In the study, the authors limited the voltage to the range between 0.9 and 1.1 pu, so all proposed solutions can satisfy the voltage constraint. The authors have plotted the voltage profile in Figure 12. There are bigger voltage differences among nodes in the network as running Scenarios 1, 2, and 4. It is clear that from nodes 50 to 69 and from nodes 6 to 27, in all three subfigures of Figure 12, the voltage of Scenario 1 is the smallest among the five scenarios. For the loss and grid power objectives, the voltage of nodes 6–27 in Scenarios 2 and 4 is a little bit greater than in Scenario 1 but much greater than in Scenarios 3 and 5. For the TVD objective in Figure 12c, Scenario 1 is also the worst, whereas the four other scenarios have a very tiny difference in comparison. Table 9 is established to show the voltage fluctuation.
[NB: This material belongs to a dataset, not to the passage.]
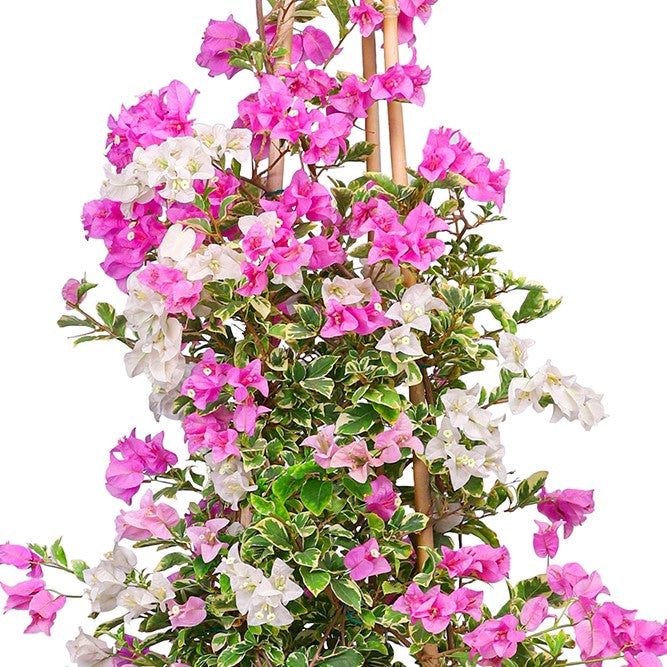 BOUGAINVILLEA RIMINI CONE SHAPE جهنمية (مجنونة)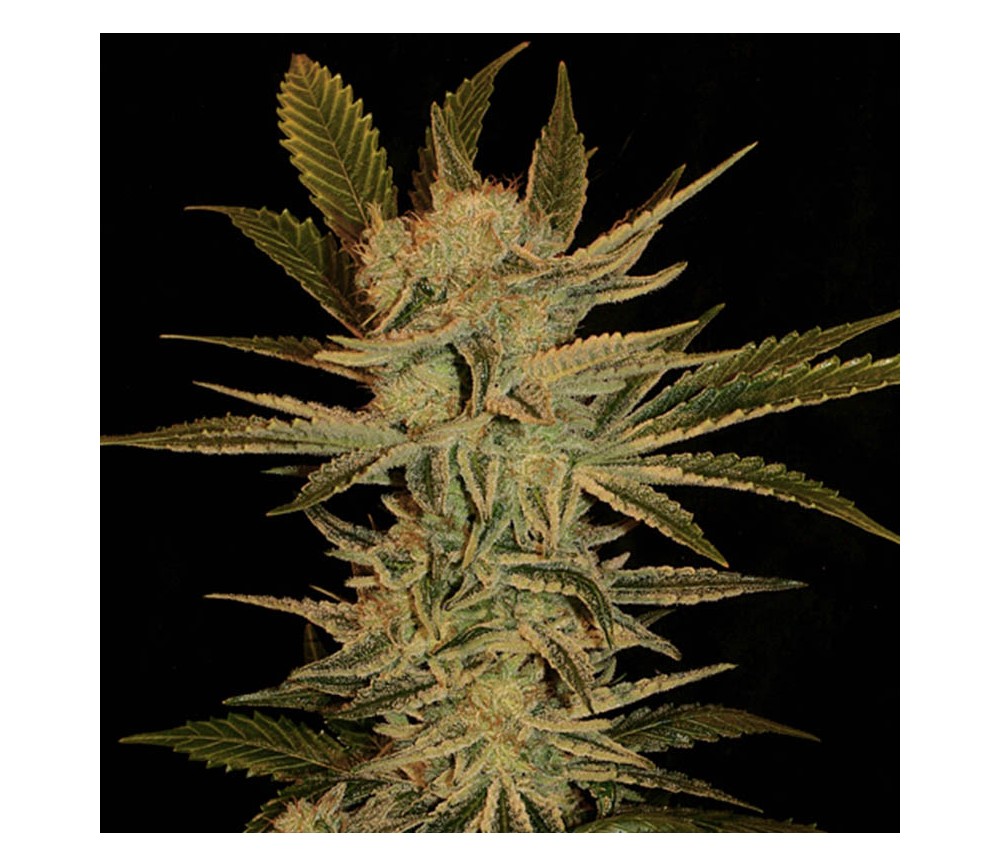 Bubble Gum de Serious Seeds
For the loss objective in the second column, the TVD is arranged in order of decrease as follows: Scenario 1, 2, 4, 3, and 5, with the values of 1.838, 0.916, 0.816, 0.346, and 0.0727. For the objectives of grid power and TVD, the orders are the same, with the values of 1.838, 0.916, 0.816, 0.346, and 0.0578 pu for grid power objective, and 1.838, 0.67, 0.261, and 0.0265 pu for TVD objective. The analysis of the total voltage deviations indicated that the fluctuations are the smallest in Scenario 5 and the second smallest in Scenario 3 for each objective function. On the other hand, the fluctuations in the same scenarios can be smallest by running the TVD objective function, excluding Scenario 1 with only the placement of EVCSs. We go back to Table 1: the active and reactive power sources that are added in Scenario 2 are three PVUs, in Scenario 3 they are three PVUs and three CAPBs, in Scenario 4 they are three WTS, and Scenario 5 placed three PVUs, three CAPBs, and three WTSs. Scenario 5, which has the highest active and reactive power sources, can reach the smallest voltage fluctuations. Both active and reactive powers are added in Scenarios 3 and 4; however, there is a difference in Scenarios 3 and 4. Scenario 3 used three PVUs and three CAPBs with different locations, but Scenario 4 employed three WTSs with the same location for generating active and reactive powers. Furthermore, each WTS can produce the reactive power from (tan(arcos(0.95)x00 = 197.21 kVar) to (tan(arcos(0.85)x600 = 371.85 kVar but each CAPB can produce 600 kVAr in maximum. So, Scenario 4 cannot reach a better voltage profile than Scenario 3.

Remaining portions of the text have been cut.